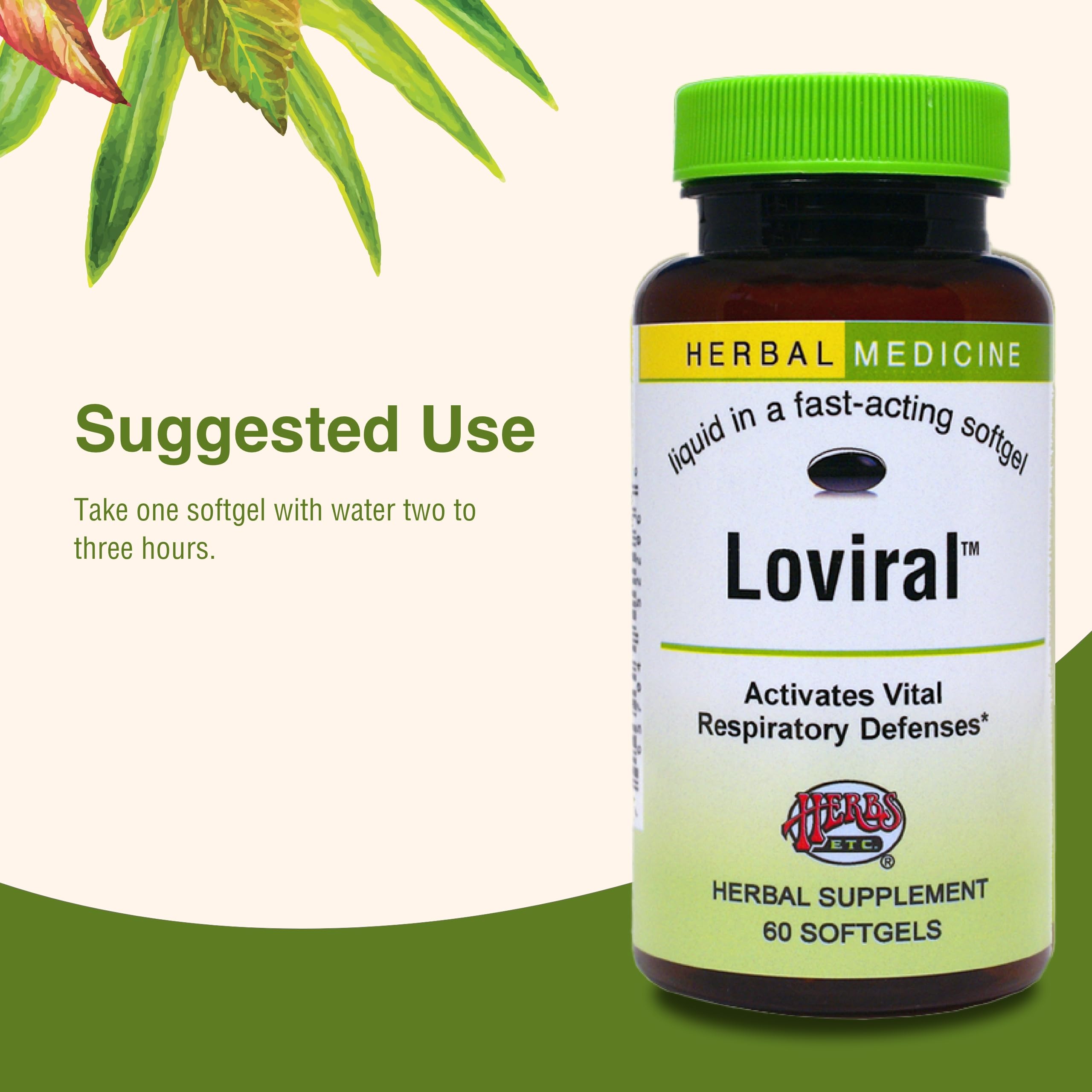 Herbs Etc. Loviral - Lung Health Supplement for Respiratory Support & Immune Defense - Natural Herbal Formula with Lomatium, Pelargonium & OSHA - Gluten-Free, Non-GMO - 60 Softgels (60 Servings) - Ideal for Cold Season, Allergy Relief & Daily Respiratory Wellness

--------------------------------------------------

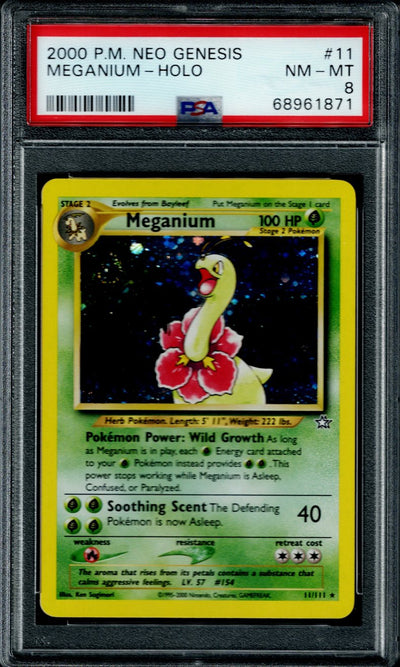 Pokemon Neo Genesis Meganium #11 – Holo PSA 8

--------------------------------------------------

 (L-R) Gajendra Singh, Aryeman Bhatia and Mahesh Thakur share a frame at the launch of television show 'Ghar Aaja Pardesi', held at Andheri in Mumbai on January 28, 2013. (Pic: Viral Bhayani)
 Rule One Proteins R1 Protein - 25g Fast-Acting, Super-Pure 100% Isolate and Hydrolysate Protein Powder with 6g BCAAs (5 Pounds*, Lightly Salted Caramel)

--------------------------------------------------

# TASK REQUIREMENTS
Of the lines above, output exactly those from the line bearing "(L-R) Gajendra Singh, Aryeman" through the line bearing "Rule One Proteins", inclusive.

# WRITTEN RESPONSE
 (L-R) Gajendra Singh, Aryeman Bhatia and Mahesh Thakur share a frame at the launch of television show 'Ghar Aaja Pardesi', held at Andheri in Mumbai on January 28, 2013. (Pic: Viral Bhayani)
 Rule One Proteins R1 Protein - 25g Fast-Acting, Super-Pure 100% Isolate and Hydrolysate Protein Powder with 6g BCAAs (5 Pounds*, Lightly Salted Caramel)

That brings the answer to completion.